#### DATA EXCERPT
<<<<

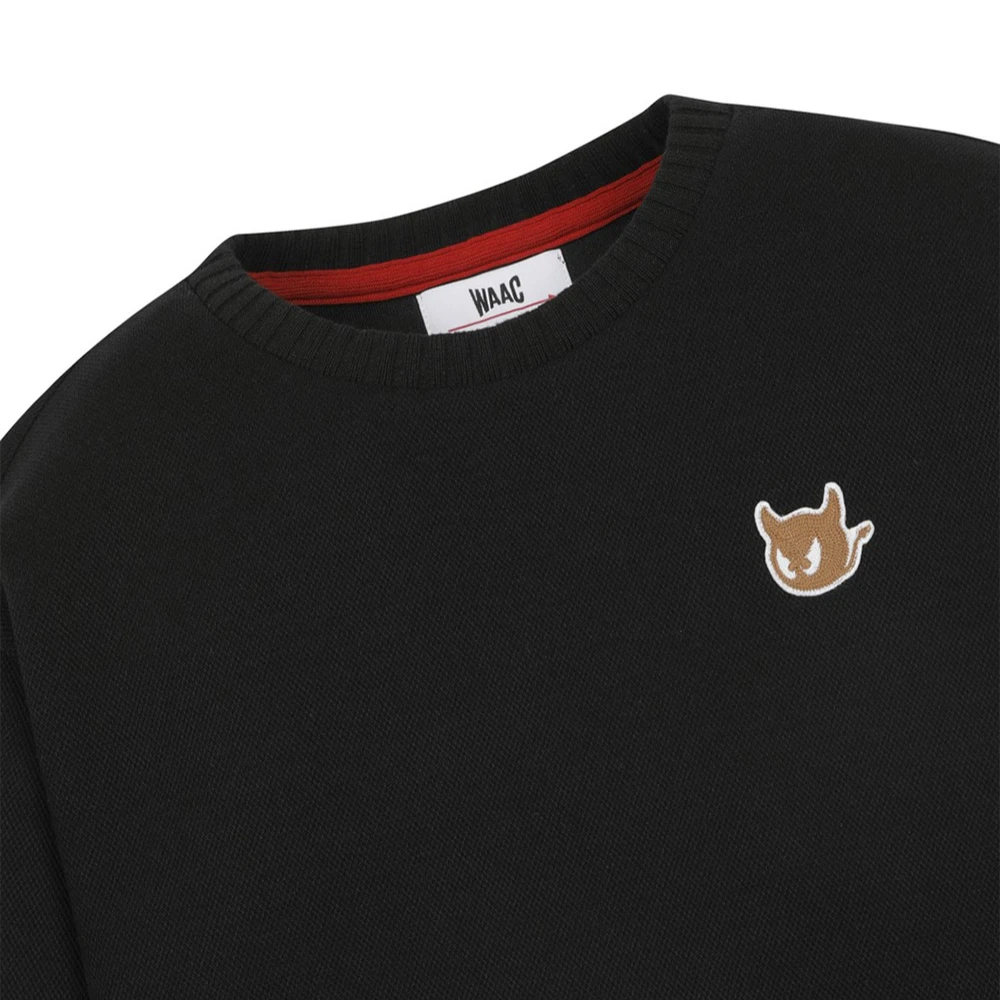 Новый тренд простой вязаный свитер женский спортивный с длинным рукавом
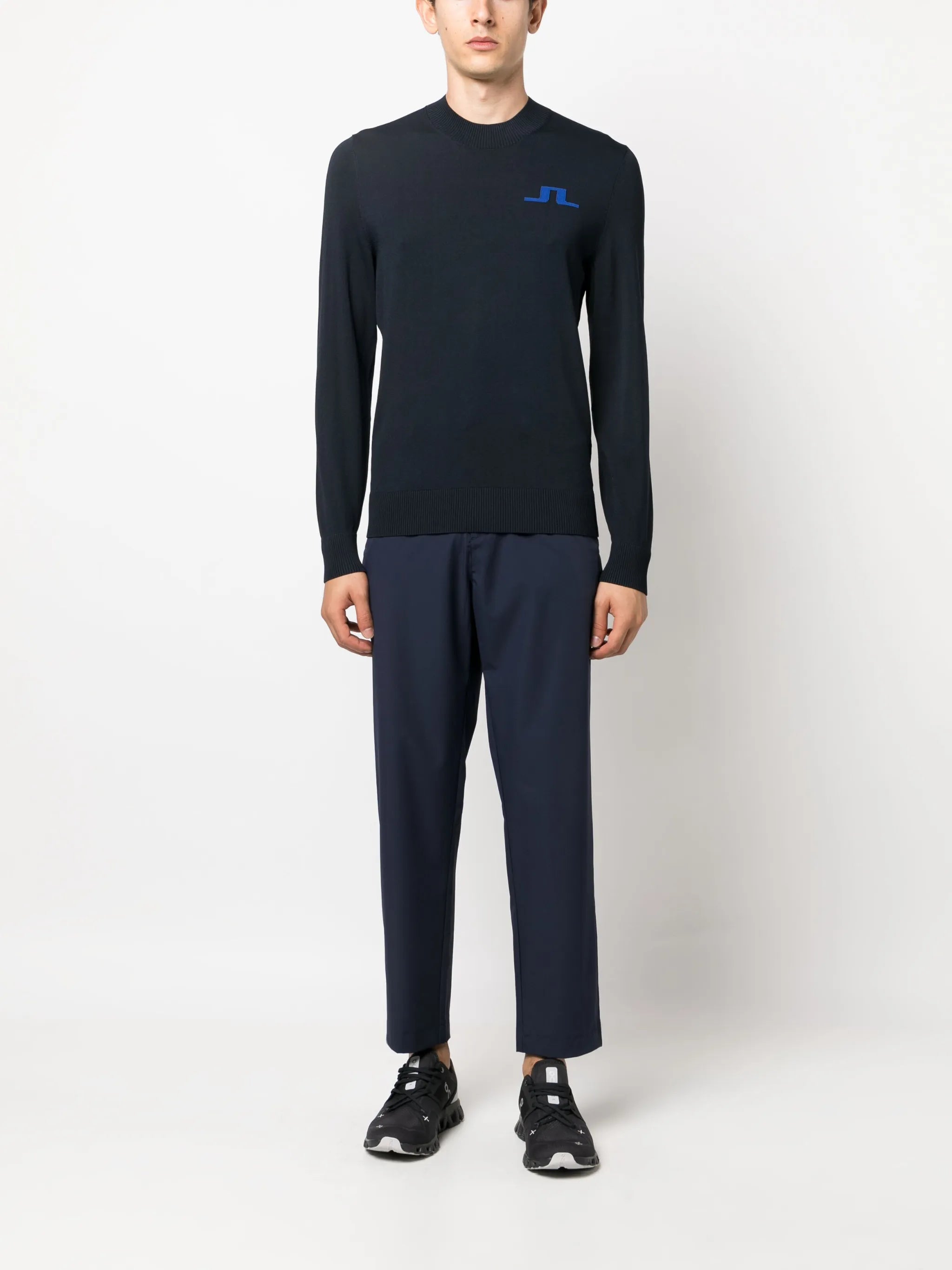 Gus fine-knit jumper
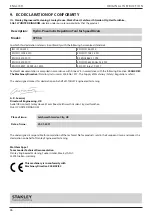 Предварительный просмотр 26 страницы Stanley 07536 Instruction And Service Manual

>>>>

#### TRY IT
Could you reproduce all of the data above exactly and skip any image?

#### COMPLETED EXERCISE
 Новый тренд простой вязаный свитер женский спортивный с длинным рукавом
 Gus fine-knit jumper
 Предварительный просмотр 26 страницы Stanley 07536 Instruction And Service Manual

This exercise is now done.